An ETL (Extract, Transform, and Load) pipeline is a set of processes used to extract data from various sources, transform it into a consistent format, and load it into a target system. Of late, one of the most significant trends has been the shift toward a real-time ETL pipeline that processes data as it arrives.

Real-time ETL or streaming ETLs are the future as they enable near-real-time data processing, helping organizations respond more quickly to changing conditions and opportunities. They also provide greater flexibility, allowing organizations to add new data sources or target systems without disrupting existing pipelines.

In this article, we will talk about the evolution of the ETL pipeline, streaming ETL, and its advantages over its traditional batch counterpart. Lastly, we’ll also talk about how to build a near real-time streaming ETL pipeline with Apache Kafka® and tips to avoid common mistakes.

Summary of key streaming ETL pipeline features

The table below highlights a few key features and advantages contributing to the popularity of the streaming ETL pipeline.



Low Latency

You can process events in near real-time; data is available for analysis and reporting much faster than batch processing.


Streaming ETL is highly scalable and handles large data volumes and increasing workloads by adding more resources or nodes to the cluster.

Real-time data monitoring and analysis

As data flows through the pipeline moments after its creation, you can set up various additional systems (fan-out) to consume this data stream and monitor or analyze it.

Real-time reporting

Dashboards are updated more often than the traditional once/twice-a-day schedule, making real-time, synchronous reporting feasible.

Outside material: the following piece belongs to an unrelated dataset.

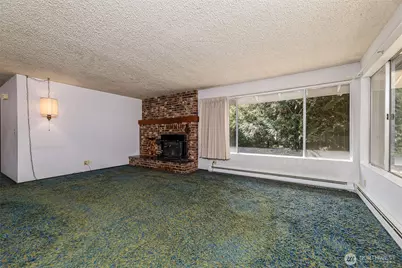2471 SE Binns Swiger Loop Road, Shelton, WA 98584 - Photo 6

Evolution of the ETL pipeline

ETL has been synonymous with data engineering and fundamentals for several decades. As a concept, it has been present since the late 70s and early 80s and has been widely used in the data ecosystem. It is typically a three-step process:

  1. Extract: Raw data (in various formats like CSV, JSON, TXT, etc.) is collected from different sources such as a database, files, APIs, and message queues.

  2. Transform: The data is cleaned, enriched, and formatted to match the target schema. This step may also involve performing calculations, aggregations, or filtering to create new derived data sets that are more useful for analysis.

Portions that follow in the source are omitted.